● **EXERCISE PROMPT**
Reproduce exactly, and only, the lines of the material below running from the line bearing "this 1024×682 image." through the line bearing "this 410×410 image.". Leave any pictures out.
── AVAILABLE DATA ──
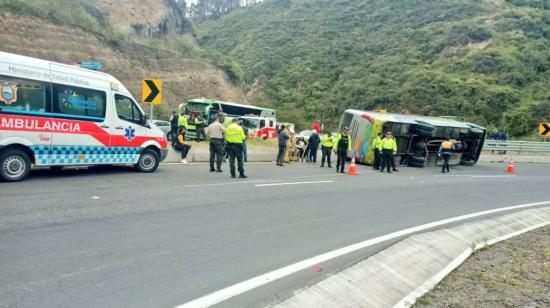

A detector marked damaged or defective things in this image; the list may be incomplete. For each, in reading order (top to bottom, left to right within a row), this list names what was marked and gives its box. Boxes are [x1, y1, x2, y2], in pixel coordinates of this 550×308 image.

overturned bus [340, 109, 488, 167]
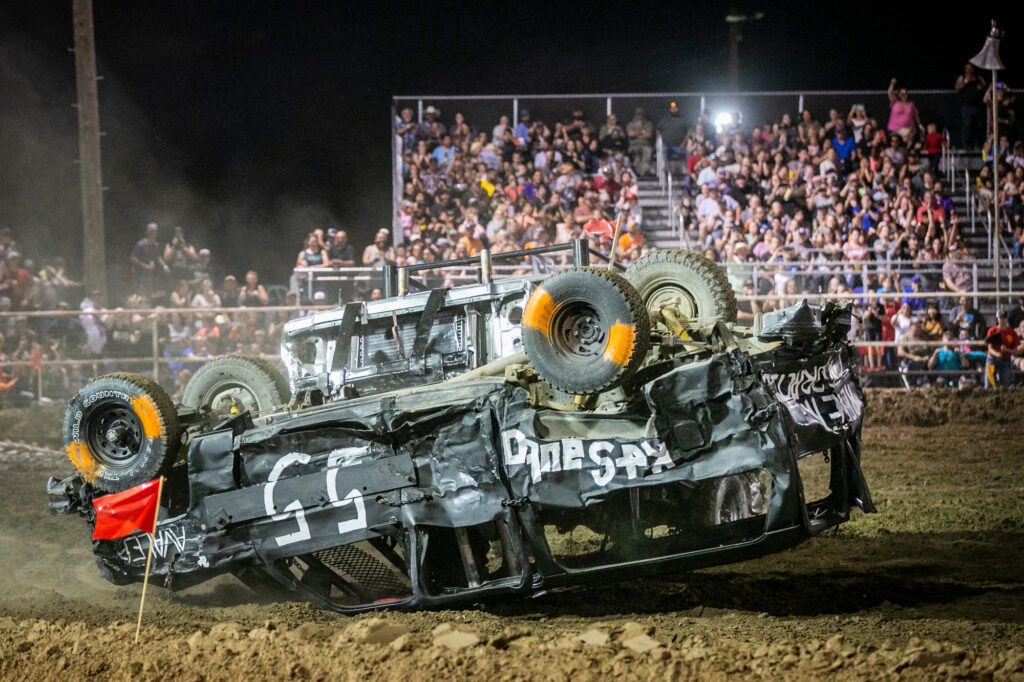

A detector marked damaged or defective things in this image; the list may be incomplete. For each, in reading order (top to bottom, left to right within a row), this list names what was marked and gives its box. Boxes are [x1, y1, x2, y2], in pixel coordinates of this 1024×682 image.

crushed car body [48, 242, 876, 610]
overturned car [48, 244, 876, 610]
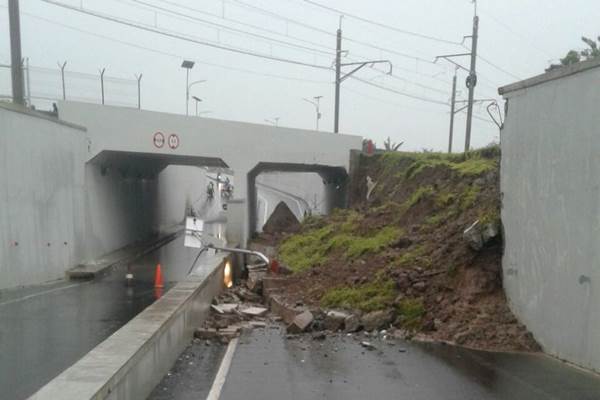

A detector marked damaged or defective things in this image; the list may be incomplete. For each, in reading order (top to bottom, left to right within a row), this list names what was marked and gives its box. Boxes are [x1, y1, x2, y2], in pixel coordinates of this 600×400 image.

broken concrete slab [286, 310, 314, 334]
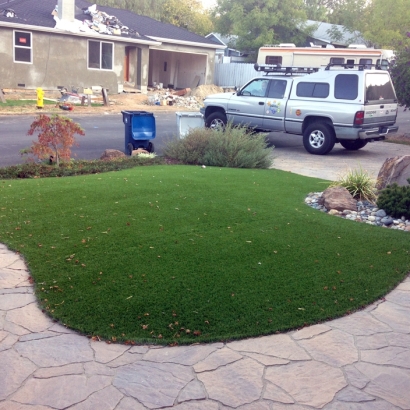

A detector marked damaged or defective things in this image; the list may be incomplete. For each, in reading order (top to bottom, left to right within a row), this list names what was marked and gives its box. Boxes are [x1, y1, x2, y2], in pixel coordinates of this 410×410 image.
───
── AVAILABLE DATA ──
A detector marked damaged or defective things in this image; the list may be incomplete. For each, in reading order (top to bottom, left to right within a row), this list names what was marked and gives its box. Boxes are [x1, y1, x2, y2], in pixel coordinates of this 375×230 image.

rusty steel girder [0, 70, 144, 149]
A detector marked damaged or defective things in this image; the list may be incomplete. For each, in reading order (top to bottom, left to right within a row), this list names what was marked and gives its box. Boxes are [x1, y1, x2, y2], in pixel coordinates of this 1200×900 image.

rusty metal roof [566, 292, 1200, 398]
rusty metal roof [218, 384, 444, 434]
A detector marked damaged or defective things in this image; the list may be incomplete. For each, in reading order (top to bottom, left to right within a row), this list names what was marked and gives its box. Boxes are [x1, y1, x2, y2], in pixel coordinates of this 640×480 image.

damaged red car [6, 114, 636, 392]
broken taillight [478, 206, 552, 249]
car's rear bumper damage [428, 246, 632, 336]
───
── AVAILABLE DATA ──
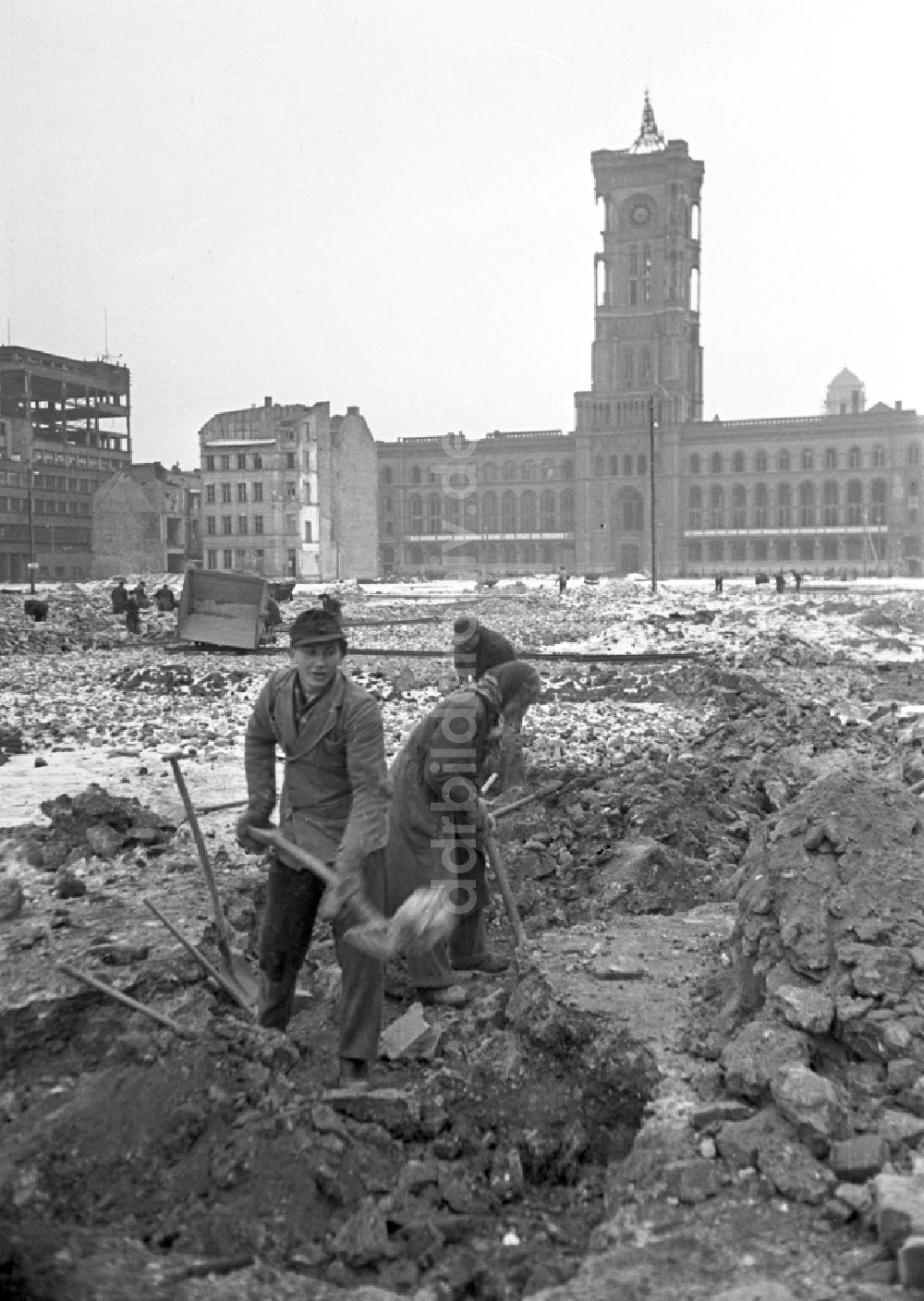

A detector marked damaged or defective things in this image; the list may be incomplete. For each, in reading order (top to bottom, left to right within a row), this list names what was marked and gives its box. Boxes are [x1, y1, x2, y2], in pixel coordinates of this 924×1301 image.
───
● **YOUR RESPONSE**
A detector marked damaged or defective things in this image; the list may be incomplete. For each, in reading order (top to bottom, left to right within a row), this list names what was marked and gives its box. Boxes are [x1, y1, x2, y2], in pixel coordinates of this 1024×682 image.

crushed car body [48, 242, 876, 610]
overturned car [48, 244, 876, 610]

A detector marked damaged or defective things in this image; the list may be incomplete. For each, in reading order (top to bottom, left to right within a row), this list names what was marked and gives its box. Boxes are [x1, y1, x2, y2], in pixel coordinates of this 600×400 image.

broken concrete slab [286, 310, 314, 334]

A detector marked damaged or defective things in this image; the list may be incomplete. For each, in reading order (top to bottom, left to right within a row), this list names what was marked and gives its box. Boxes are [x1, y1, x2, y2], in pixel coordinates of this 410×410 image.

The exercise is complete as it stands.